窯洞深處,更多黑影無聲浮現,刀光如網,從四面八方絞殺而至!

蘇寧仍站在原地,右手緩緩按上插在地上的唐橫刀。

刀未出鞘。

一股磅礴威壓卻自他周身轟然炸開!

空氣凝滯,燭火驟滅。

所有撲來的黑衣人動作齊齊一僵,彷彿被無形巨手扼住咽喉,面罩下的眼球暴突,青筋在額角瘋狂跳動。有人膝蓋一軟,跪倒在地;有人七竅流血,捂着耳朵哀嚎;更有兩人直接口吐白沫,抽搐着癱軟如泥。

趙琰蜷縮在案後,牙齒打顫,看着蘇寧緩緩拔刀。

唐橫刀離鞘三寸。

一道慘白刀罡自刃尖激射而出,如天河倒懸,橫貫整個窯室!

轟——!

刀罡所過之處,殘壁如豆腐般無聲裂開,蛛網般的縫隙瞬間爬滿整座穹頂。緊接着,轟隆巨響震徹山坳,整座黑水坳都在劇烈搖晃,窯頂轟然坍塌,巨石裹挾着煙塵暴雨般砸落!

煙塵瀰漫中,蘇寧的身影卻穩如磐石。

他收刀入鞘,轉身走向趙琰。

趙琰涕淚橫流,對着地上那捲竹簡,砰砰磕了三個響頭,額頭撞得鮮血淋漓:“罪臣趙琰……伏誅!只求……只求您將此簡,交予魏將軍與孟將軍!謝家……謝家等這一天,等了十六年啊!”

蘇寧彎腰,拾起竹簡。

就在此時,窯洞外,傳來一陣清越笛聲。

笛聲初時婉轉如溪,漸次轉爲蒼涼悲愴,最後竟化作金戈鐵馬之聲,殺伐凜冽,直衝霄漢!

蘇寧握着竹簡的手指微微一頓。

遠處山崗上,一襲素白衣袂在晚風中獵獵翻飛。那人橫笛脣邊,笛聲如刀,割裂暮色。他身邊,一匹通體雪白的駿馬靜靜佇立,鞍韉上,赫然懸着一杆銀槍——槍纓如血,正隨風狂舞。

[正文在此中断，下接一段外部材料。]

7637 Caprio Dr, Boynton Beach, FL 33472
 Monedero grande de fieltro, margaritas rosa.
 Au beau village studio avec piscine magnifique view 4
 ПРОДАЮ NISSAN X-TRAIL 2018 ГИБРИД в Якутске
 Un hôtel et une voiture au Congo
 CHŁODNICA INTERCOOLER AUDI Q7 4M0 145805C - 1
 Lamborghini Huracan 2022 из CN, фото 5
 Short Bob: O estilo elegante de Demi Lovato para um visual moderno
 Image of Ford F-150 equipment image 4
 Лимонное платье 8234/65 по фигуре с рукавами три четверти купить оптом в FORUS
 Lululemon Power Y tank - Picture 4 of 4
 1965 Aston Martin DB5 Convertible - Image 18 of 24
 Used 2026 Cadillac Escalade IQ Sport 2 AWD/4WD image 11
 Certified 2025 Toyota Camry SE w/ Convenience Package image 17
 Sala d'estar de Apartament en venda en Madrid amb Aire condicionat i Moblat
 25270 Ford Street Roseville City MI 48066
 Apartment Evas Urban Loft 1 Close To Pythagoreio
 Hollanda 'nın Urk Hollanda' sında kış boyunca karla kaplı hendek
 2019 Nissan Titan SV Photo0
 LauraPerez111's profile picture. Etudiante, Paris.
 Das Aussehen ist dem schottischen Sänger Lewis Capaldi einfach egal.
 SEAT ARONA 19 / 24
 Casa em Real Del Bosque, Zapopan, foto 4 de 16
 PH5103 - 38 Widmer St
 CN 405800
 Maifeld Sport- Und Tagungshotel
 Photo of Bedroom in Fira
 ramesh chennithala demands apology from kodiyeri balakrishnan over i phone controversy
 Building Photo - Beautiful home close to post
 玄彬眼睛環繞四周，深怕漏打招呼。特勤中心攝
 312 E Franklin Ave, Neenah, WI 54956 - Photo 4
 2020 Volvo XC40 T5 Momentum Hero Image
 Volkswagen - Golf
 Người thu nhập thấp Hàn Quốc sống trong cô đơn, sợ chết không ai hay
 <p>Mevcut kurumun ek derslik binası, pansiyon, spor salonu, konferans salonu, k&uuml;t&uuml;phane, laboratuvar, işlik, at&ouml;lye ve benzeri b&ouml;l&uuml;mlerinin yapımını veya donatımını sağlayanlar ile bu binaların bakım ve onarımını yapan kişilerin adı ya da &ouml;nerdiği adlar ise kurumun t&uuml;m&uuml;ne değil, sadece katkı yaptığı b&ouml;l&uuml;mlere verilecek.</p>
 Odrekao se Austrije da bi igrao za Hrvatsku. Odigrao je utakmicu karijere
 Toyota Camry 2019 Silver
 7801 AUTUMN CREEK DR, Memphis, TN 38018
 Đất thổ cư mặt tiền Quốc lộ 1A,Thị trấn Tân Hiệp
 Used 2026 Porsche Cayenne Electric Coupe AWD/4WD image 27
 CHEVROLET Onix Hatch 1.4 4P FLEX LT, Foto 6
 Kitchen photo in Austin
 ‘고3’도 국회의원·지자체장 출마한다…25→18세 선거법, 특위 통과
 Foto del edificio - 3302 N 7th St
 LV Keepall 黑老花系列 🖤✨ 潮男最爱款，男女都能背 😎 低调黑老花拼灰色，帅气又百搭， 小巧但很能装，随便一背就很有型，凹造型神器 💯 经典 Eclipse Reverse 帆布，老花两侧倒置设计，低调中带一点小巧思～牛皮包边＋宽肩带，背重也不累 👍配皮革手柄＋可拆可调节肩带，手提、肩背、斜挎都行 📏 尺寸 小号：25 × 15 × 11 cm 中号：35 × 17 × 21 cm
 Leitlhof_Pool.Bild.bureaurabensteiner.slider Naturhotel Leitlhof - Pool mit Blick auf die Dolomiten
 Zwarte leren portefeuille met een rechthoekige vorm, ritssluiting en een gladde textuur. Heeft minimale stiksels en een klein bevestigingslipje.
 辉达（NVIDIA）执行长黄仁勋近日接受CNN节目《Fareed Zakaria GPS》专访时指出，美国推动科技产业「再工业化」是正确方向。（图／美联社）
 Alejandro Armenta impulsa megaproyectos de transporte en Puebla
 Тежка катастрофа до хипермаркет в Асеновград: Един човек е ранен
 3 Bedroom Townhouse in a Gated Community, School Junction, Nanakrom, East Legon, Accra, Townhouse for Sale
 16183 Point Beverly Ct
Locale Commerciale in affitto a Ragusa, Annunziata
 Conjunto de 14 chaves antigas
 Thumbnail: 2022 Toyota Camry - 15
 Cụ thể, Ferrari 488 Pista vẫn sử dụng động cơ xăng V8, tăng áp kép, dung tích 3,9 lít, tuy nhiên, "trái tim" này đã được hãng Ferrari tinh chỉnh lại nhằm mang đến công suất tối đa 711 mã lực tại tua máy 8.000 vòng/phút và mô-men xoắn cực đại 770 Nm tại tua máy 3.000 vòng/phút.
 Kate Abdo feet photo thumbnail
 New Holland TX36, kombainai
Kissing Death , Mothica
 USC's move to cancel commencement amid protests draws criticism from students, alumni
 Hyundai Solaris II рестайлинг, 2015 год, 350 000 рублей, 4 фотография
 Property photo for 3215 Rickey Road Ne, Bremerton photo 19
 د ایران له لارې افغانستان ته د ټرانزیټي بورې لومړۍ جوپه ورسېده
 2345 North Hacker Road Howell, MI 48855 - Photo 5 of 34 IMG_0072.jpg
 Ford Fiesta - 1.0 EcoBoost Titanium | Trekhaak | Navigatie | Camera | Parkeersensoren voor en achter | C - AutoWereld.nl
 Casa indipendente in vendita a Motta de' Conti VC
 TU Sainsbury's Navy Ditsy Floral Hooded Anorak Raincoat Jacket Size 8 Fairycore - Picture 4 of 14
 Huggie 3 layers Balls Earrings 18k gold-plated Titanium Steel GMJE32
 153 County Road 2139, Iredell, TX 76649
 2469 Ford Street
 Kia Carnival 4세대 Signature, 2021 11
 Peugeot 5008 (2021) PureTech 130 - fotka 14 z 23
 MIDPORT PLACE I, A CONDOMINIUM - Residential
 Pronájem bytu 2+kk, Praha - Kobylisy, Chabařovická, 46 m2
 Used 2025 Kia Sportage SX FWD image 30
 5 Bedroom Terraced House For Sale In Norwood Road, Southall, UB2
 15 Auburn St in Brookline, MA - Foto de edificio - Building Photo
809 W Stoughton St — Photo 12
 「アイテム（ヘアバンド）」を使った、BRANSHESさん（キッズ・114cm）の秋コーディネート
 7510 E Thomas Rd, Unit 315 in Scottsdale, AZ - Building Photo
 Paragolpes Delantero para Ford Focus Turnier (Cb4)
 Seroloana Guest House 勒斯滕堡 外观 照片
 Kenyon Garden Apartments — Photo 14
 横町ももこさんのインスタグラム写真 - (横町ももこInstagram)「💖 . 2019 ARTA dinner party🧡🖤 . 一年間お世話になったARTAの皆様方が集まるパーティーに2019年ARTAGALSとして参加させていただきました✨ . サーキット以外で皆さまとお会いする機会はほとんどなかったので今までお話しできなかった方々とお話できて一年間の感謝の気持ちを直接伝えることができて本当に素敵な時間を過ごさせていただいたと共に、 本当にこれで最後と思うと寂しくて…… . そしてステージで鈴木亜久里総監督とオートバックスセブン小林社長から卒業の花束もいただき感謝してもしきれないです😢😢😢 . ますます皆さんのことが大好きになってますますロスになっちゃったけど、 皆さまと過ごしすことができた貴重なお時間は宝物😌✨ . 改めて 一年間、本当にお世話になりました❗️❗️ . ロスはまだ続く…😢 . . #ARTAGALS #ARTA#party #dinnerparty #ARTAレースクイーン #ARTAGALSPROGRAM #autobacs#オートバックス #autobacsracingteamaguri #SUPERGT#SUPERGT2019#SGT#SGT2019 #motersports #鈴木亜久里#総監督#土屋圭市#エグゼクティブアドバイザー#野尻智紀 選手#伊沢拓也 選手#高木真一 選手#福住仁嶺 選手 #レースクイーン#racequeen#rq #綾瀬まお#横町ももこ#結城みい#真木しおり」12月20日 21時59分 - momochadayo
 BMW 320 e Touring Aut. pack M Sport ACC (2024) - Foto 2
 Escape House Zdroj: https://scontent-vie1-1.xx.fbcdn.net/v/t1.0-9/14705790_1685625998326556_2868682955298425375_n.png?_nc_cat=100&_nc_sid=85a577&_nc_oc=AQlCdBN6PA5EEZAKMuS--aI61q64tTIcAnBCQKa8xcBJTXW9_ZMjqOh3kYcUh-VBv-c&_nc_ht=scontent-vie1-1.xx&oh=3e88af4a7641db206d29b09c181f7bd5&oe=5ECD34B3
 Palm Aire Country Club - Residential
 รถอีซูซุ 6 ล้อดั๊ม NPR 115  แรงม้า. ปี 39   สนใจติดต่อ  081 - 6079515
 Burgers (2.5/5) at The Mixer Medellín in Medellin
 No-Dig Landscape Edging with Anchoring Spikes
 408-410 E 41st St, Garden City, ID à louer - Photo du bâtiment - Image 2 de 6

蘇寧抬眼望去,脣角,終於浮起一絲久違的、極淡的笑意。

笛聲未歇。

山風浩蕩。

他握緊竹簡,轉身,一步步踏出崩塌的窯洞,迎着那漫天星鬥,迎着那笛聲來處,迎着這即將傾覆又必將重鑄的萬里山河。